REQUIRED WORK:
Omitting the pictures, print every line below exactly as it stands.

RECORDED INFORMATION:
····················

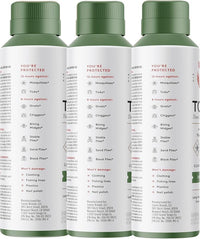 Green Tea + Mint Insect Repellent, 12-Hour Mosquito & Tick Protection, Picaridin-Based, Water-Based, Lightweight, Quick-Drying, Vanishing Scent, DEET Alternative, Face & Body Use, 3 Pack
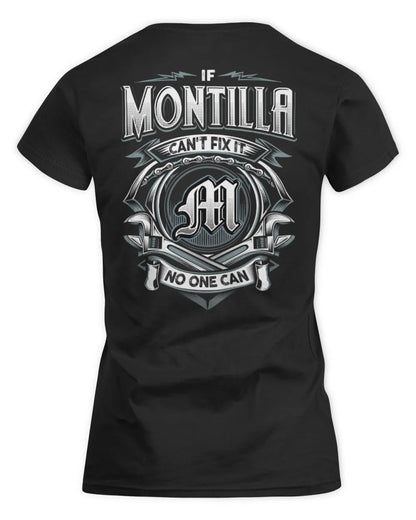 MONTILLA AP81-K4-626 - Personalized Ahmed Quote Apparel “If Ahmed Can't Fix It, No One Can” - Women's Standard T-Shirt - Black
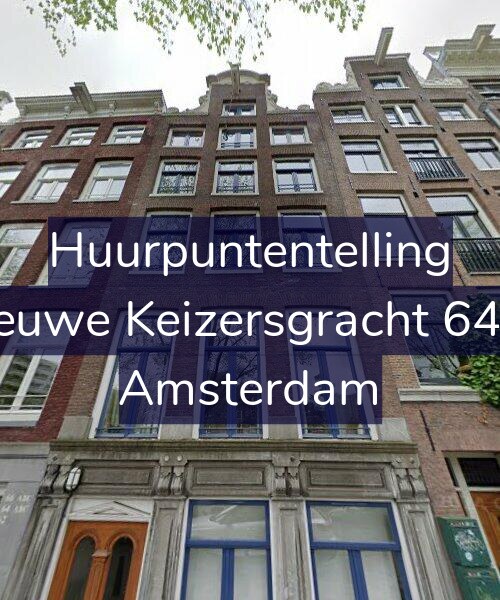 Foto gevel Huurpuntentelling voor Nieuwe Keizersgracht 64-A, Amsterdam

····················

RESULT FOR THIS TASK:
 Green Tea + Mint Insect Repellent, 12-Hour Mosquito & Tick Protection, Picaridin-Based, Water-Based, Lightweight, Quick-Drying, Vanishing Scent, DEET Alternative, Face & Body Use, 3 Pack
 MONTILLA AP81-K4-626 - Personalized Ahmed Quote Apparel “If Ahmed Can't Fix It, No One Can” - Women's Standard T-Shirt - Black
 Foto gevel Huurpuntentelling voor Nieuwe Keizersgracht 64-A, Amsterdam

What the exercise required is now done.